Comparing Natural Language Processing Techniques: RNNs, Transformers, BERT
Image by Author
 

As you can see, the RNNs model implements a loop cycle during the information processing. RNNs would consider the current and previous data input when processing this information. That’s why the model is suitable for any type of sequential data.

If we take an example in the text data, imagine we have the sentence “I wake up at 7 AM”, and we have the word as input. In the feed-forward neural network, when we reach the word “up,” the model would already forget the words “I,” “wake,” and “up.” However, RNNs would use every output for each word and loop them back so the model would not forget.

In the NLP field, RNNs are often used in many textual applications, such as text classification and generation. It’s often used in word-level applications such as Part of Speech tagging, next-word generation, etc. 

Looking at the RNNs more in-depth on the textual data, there are many types of RNNs. For example, the below image is the many-to-many types.
 

Comparing Natural Language Processing Techniques: RNNs, Transformers, BERT
Image by Author
 

Looking at the image above, we can see that the output for each step (time-step in RNN) is processed one step at a time, and every iteration always considers the previous information.

Another RNN type used in many NLP applications is the encoder-decoder type (Sequence-to-Sequence). The structure is shown in the image below.

 

Comparing Natural Language Processing Techniques: RNNs, Transformers, BERT
Image by Author
 

This structure introduces two parts that are used in the model. The first part is called Encoder, which is a part that receives data sequence and creates a new representation based on it. The representation would be used in the second part of the model, which is the decoder. With this structure, the input and output lengths don’t necessarily need to be equal. The example use case is a language translation, which often does not have the same length between the input and output.

There are various benefits of using RNNs to process natural language data, including:

  1. RNN can be used to process text input without length limitations.
  2. The model shares the same weights across all the time steps, which allows the neural network to use the same parameter in each step.
  3. Having the memory of past input makes RNN suitable for any sequential data.

But, there are several disadvantages as well:

  1. RNN is susceptible to both vanishing and exploding gradients. This is where the gradient result is the near-zero value (vanishing), causing network weight to only be updated for a tiny amount, or the gradient result is so significant (exploding) that it assigns an unrealistic enormous importance to the network.
  2. Long time of training because of the sequential nature of the model.
  3. Short-term memory means that the model starts to forget the longer the model is trained. There is an extension of RNN called LSTM to alleviate this problem.
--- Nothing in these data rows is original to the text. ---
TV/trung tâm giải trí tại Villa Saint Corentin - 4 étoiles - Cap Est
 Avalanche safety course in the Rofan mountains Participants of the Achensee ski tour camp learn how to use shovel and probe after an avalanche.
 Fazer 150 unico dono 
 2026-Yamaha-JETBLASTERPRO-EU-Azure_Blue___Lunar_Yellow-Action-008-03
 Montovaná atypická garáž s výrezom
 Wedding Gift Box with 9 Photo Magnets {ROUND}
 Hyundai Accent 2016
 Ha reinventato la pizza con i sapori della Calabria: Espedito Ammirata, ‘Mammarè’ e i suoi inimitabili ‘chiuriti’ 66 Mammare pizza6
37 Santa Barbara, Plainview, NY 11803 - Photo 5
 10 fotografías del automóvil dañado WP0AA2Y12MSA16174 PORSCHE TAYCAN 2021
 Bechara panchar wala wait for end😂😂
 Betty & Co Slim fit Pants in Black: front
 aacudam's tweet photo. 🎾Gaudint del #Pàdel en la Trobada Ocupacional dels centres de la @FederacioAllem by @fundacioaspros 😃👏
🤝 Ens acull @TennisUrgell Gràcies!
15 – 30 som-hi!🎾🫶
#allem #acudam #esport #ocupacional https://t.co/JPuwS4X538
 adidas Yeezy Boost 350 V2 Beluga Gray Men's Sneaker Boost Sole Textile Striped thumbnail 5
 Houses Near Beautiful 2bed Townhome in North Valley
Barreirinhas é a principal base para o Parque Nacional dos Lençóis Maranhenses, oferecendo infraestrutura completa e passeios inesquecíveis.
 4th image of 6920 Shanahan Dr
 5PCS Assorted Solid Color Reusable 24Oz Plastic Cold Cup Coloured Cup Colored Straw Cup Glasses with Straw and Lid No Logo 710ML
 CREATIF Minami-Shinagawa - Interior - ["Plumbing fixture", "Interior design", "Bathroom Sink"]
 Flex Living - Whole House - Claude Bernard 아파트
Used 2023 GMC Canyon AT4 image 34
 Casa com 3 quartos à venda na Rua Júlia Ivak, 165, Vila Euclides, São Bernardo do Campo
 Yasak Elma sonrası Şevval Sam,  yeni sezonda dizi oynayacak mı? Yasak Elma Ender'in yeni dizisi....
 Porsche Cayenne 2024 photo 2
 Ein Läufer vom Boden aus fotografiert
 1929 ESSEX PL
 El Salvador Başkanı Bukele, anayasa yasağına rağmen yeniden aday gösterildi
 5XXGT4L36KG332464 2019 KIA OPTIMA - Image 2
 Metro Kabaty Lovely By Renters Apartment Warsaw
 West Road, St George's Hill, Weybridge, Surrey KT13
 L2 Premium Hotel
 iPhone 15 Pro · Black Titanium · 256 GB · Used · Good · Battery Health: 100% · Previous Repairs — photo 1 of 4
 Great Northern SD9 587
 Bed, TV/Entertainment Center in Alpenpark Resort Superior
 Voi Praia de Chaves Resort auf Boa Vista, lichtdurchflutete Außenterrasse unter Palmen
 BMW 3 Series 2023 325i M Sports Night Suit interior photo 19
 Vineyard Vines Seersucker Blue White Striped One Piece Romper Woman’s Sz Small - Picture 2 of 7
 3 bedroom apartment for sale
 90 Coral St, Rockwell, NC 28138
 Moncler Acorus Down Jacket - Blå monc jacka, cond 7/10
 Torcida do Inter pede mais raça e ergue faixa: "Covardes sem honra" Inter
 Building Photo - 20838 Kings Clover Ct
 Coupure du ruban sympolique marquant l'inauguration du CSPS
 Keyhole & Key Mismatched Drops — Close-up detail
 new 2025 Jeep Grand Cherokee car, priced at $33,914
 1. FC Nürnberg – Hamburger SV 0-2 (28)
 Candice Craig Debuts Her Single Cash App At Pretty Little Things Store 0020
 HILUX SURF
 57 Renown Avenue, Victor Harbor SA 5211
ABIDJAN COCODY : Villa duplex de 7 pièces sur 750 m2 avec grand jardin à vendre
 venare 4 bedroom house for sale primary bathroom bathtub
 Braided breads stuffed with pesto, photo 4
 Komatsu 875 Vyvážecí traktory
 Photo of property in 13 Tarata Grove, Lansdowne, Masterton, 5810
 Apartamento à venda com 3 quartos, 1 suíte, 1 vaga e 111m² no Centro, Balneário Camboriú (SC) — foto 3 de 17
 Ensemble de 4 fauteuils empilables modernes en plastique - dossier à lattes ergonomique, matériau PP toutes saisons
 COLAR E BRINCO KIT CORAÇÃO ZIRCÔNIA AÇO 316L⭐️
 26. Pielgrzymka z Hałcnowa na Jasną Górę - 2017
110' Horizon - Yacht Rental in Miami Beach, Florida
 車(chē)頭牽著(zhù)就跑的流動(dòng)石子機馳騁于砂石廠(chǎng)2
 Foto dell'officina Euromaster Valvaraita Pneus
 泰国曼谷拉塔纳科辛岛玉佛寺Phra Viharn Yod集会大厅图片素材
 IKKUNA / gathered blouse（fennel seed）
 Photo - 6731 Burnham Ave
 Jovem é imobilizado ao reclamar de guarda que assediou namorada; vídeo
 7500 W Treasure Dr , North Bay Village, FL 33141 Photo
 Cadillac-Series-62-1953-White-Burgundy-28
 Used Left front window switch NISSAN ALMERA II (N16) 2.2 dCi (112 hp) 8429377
Transformers is an NLP model architecture that tries to solve the sequence-to-sequence tasks previously encountered in the RNNs. As mentioned above, RNNs have problems with short-term memory. The longer the input, the more prominent the model was in forgetting the information. This is where the attention mechanism could help solve the problem.

The attention mechanism is introduced in the paper by Bahdanau et al. (2014) to solve the long input problem, especially with encoder-decoder type of RNNs. I would not explain the attention mechanism in detail. Basically, it is a layer that allows the model to focus on the critical part of the model input while having the output prediction. For example, the word input “Clock” would correlate highly with “Jam” in Indonesian if the task is for translation.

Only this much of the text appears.